Civil Rights Icon Helena Hicks, Who Helped Desegregate Read’s Lunch Counter, Passes Away at 88

by Gee NY
Helena Hicks

Helena Hicks, a prominent civil rights activist known for her pivotal role in desegregating Read’s drug store lunch counter, passed away at the age of 88 in Northwest Baltimore last Thursday, April 25, due to pneumonia.

Hicks, who began her activism as a young girl, was deeply committed to fighting against racial segregation.

She notably participated in picketing Baltimore’s Ford’s Theatre to protest its Jim Crow admission policies.

Her activism continued into her education, where she earned a master’s degree from Howard University and later obtained a doctorate from the University of Maryland, College Park.

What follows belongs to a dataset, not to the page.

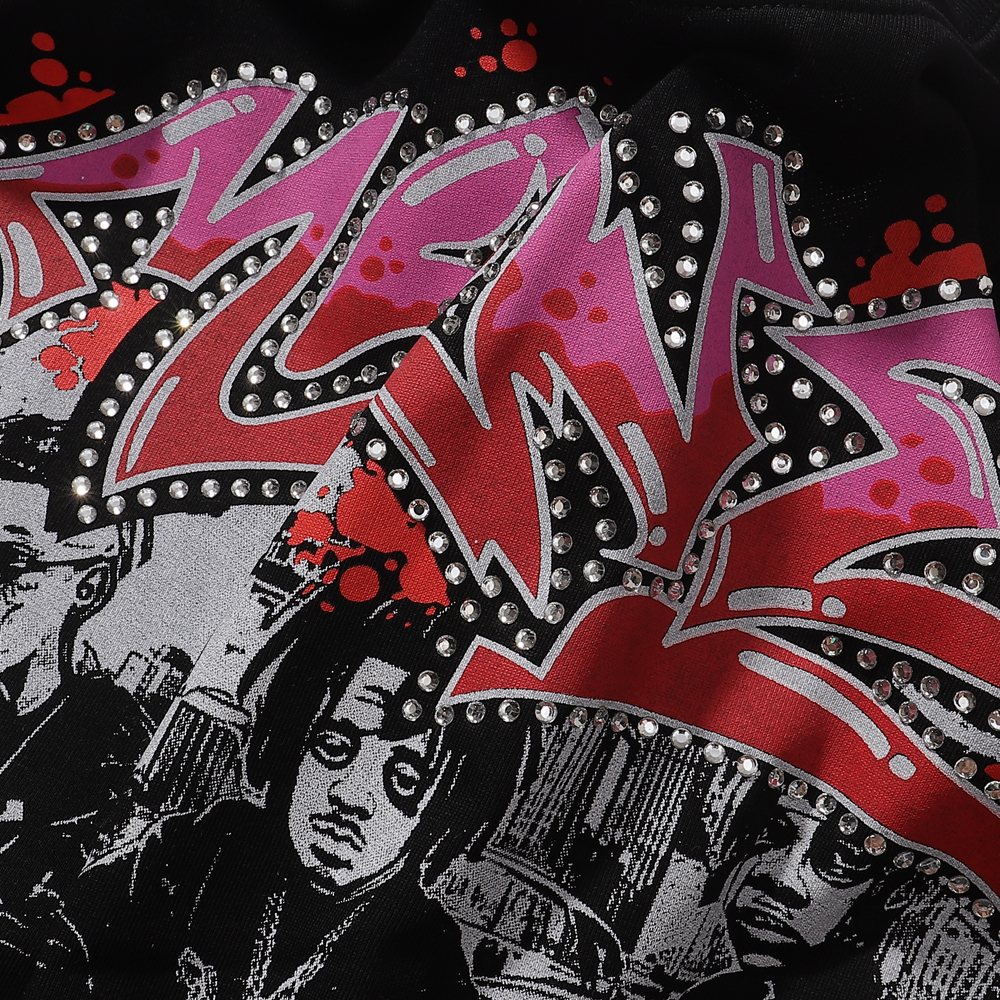 BKYS Revival Money Mood Cropped Graphic T-Shirt ¡ª detail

One of Hicks’ most significant contributions to the civil rights movement came when she joined forces with fellow students to protest the segregation policy at the Read’s drug store located at Howard and Lexington Streets.

Their efforts preceded the historic sit-in at Greensboro, North Carolina, by nearly five years. As a result of their protest, the president of the drugstore chain decided to abolish its racial barrier at its dining establishments.

After her impactful activism, Hicks transitioned into a career in public service, eventually retiring as a director in the city’s Department of Human Resources.

Helena Hicks leaves behind a legacy of courage, resilience, and dedication to the fight for equality, inspiring generations to come to continue the struggle for civil rights and social justice.